• _AVAILABLE RECORDS_
--------
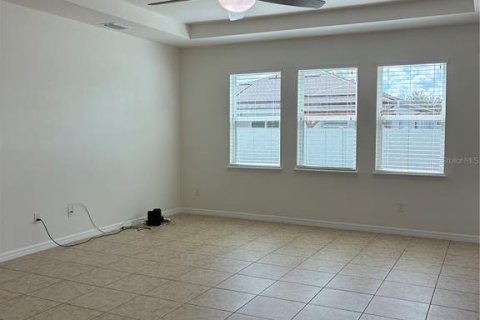 Villa ou maison à louer à Wesley Chapel, Floride: 4 chambres, 303.42 m2 № 2390869 - photo 5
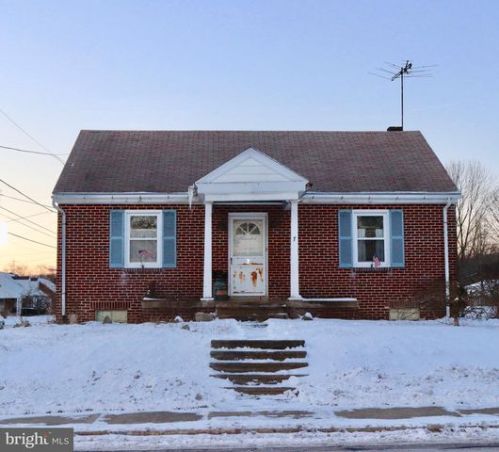 7 Grosstown Rd, Pottstown PA  19464-6122 exterior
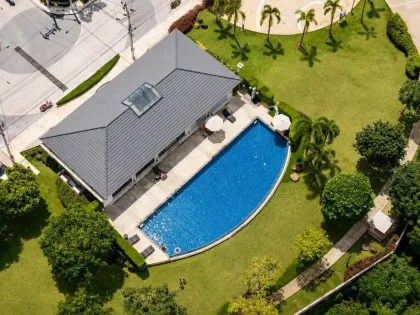 4 Schlafzimmer, 3 Badezimmer Villa zur Miete in Supalai Palm Springs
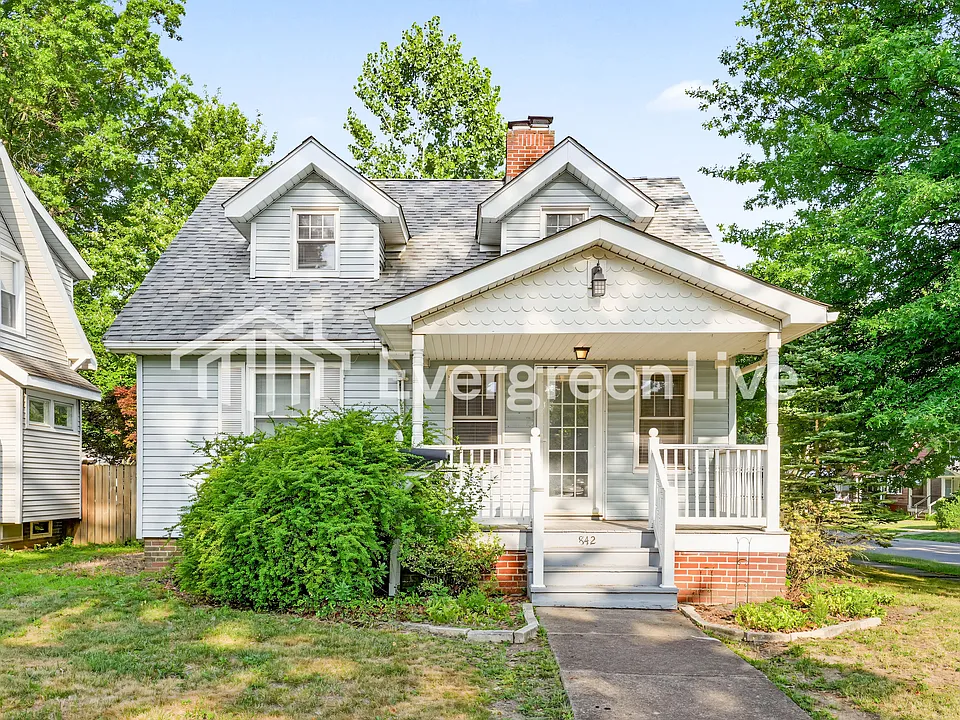 842 Montford Rd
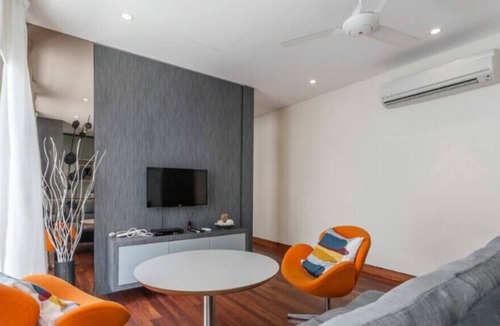 Bedok House | Modern studio room max 3 pax EZS-3 with shared pool in bungalow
--------
• _YOUR GOAL_
The listing above must be repeated exactly. Its pictures are not part of the copy.

• _SOLUTION TO THIS TASK_
 Villa ou maison à louer à Wesley Chapel, Floride: 4 chambres, 303.42 m2 № 2390869 - photo 5
 7 Grosstown Rd, Pottstown PA  19464-6122 exterior
 4 Schlafzimmer, 3 Badezimmer Villa zur Miete in Supalai Palm Springs
 842 Montford Rd
 Bedok House | Modern studio room max 3 pax EZS-3 with shared pool in bungalow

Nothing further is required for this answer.